I was having a discussion about this.
Everyone basically craps on people who don't go to college. And that can be justified in some cases. I know I went, and now I have a job that that I guess I could have got with an associate's degree (damn).
Regardless, let's say you're 18 years old and you became a millionaire. What's the purpose of going?
There are few things the professors can really teach you if you're a business major that you cannot learn hands on from professionals. Ya know, they still teach out of an (expensive) textbook. So it's kinda like what's more informational....a professor who may just have a CPA in accounting teaching you 75% from a book and 25% from real life....or someone who gets paid to be an accountant who actively practices their profession???
Or, you might have made a great app for phones. Does it matter how you program??? How would you feel if your professor gives you a B for your knowledge of programming...while using your app? You know? It's like you were good enough to make a million off that coding....
OK, so the next argument is that you're going for enlightenment and knowledge. Once again, do you really need to pay 40-100+k over 4/5 years to learn introductory concepts??? A bachelors degree doesn't signify that you're smart - it tells employers that you're well-rounded and dedicated to your career.
Plus, you're a millionaire. You can afford to once again explore the world instead of read about customs. And more than likely, you don't have a job, so you can go out and speak to real sociologists and people who record historic events and all that stuff.
The final argument was for social quo purposes. You do meet a lot of people in college, and with those connections, you can network through people and obtain lifelong friends potentially. That is sensible to me, because you really do meet a lot of people through college compared to just regular life.
But...once again....you're a millionaire. The chances are your cover will probably get blown the moment you pull up in your clean aston martin. Or, when you try too hard to fit in and everyone notices that you're always paying for the food and stuff. Or, when someone just does a google of your name and sees that you're worth a million or more. People have facebook - your old friends will probably spill the beans and blow your cover if you had one.
This is the only argument I could think of today. If you're a millionaire - self made or through family - and you want to prove to everyone that even though you got the money, even though you have no need for it, and even though you'd rather be vacationing for a while in some tight country....you still took 4/5 years of your life to accomplish that task.
Because some families really never have anyone graduate from college. Mine was like that in a sense. If I were a millionaire, would I have went? Sadly, yes. Just for that reason. Just to do it.

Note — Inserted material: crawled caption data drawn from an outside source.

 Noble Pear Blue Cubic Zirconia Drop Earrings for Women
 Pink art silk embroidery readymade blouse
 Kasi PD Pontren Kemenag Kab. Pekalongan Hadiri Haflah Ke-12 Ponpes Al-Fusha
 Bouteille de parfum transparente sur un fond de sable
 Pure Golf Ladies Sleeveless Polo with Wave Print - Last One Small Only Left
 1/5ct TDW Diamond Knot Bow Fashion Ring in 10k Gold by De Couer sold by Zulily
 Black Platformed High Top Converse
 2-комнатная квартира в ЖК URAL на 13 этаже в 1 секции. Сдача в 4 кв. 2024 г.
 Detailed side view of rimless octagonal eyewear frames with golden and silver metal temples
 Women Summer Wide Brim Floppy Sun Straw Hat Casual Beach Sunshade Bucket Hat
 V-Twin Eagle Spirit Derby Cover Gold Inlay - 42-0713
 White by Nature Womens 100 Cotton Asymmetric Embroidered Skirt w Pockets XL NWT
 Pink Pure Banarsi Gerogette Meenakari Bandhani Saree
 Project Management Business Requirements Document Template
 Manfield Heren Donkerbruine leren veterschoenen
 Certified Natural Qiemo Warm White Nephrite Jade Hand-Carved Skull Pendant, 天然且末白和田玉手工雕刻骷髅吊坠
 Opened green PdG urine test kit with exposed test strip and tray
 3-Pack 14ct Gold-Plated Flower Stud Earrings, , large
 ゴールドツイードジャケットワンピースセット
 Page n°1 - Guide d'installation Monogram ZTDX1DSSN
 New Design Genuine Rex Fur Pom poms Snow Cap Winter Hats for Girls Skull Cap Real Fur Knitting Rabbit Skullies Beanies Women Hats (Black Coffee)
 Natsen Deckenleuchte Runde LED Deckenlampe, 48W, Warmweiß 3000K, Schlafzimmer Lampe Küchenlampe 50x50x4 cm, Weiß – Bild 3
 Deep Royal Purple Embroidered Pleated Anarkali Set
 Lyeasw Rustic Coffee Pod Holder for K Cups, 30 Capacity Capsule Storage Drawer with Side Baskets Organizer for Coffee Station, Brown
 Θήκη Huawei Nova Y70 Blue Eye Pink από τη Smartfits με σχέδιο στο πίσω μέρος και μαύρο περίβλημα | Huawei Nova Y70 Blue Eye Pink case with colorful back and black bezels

The purpose of my thread though is this; what's the reason of going if you're rich???? Other than sentimental reasons....I don't think there is one!
Quote from tli415 :
"Capitalization is the difference between "I had to help my uncle Jack off a horse.." and "I had to help my uncle jack off a horse..""
My first question is how much would the 18 year old in your scenario really be worth? If your talking about kids who just broke $1,000,000, yes it's a great head start, but it won't last a year based on the spending your describing (An 100-200k car). Millionaire is a VERY general term, specifically what range of net worth are you talking about (1-10 million, 10-50 million, 100-500?)
Learn astronomy from someone who designed part of the Hubble telescope
Study Roman classics from someone who's translated them from Latin.
Take a physics class taught by a Nobel prize winner.
Take a music class from someone who's conducted symphonies.
Learn about politics from someone who's run Senate campaigns.
There are so many wonderful ways that you can enrich your mind at college. It makes me sad that you think college is as limited as learning a money-making trade or reading books you can read on your own.
I see no merits in going to college if it isn't "for you". FAR too many people go to college because it's seen as "grade 13" and the net result is a garbage diploma and tons of $$ in debt. If you are wealthy there's another angle - presumably you'd have enough $$ to not have to worry about "working" in your life but then the question to you is - what else IS there? If you didn't have to worry about money, how much partying and travelling would it take for you to get tired of it?
I'm not sure why you assume that you could learn from a professional in the field rather than a teacher. Is it because you know someone or just because you have $1,000,000? It doesn't seem like money would really make a difference, and while it would be better experience, unless you do some pretty amazing things while working for/with him, I don't think you're going to score another job over someone with a CPA.
First of all, I'll assume by "millionaire" you mean wealthy enough to live without working, since simply having $1M is not enough to live on long-term. Just because you're a millionaire doesn't mean you don't want to have a career. And if you want to go far in that career, chances are you need a degree to not hit a ceiling. If you want to just be able to invest your money wisely and make your fortune grow, I'd agree that college probably isn't necessary. If I had a lot of money I'd probably have forgone college and tried my hand at investing a significant portion of it.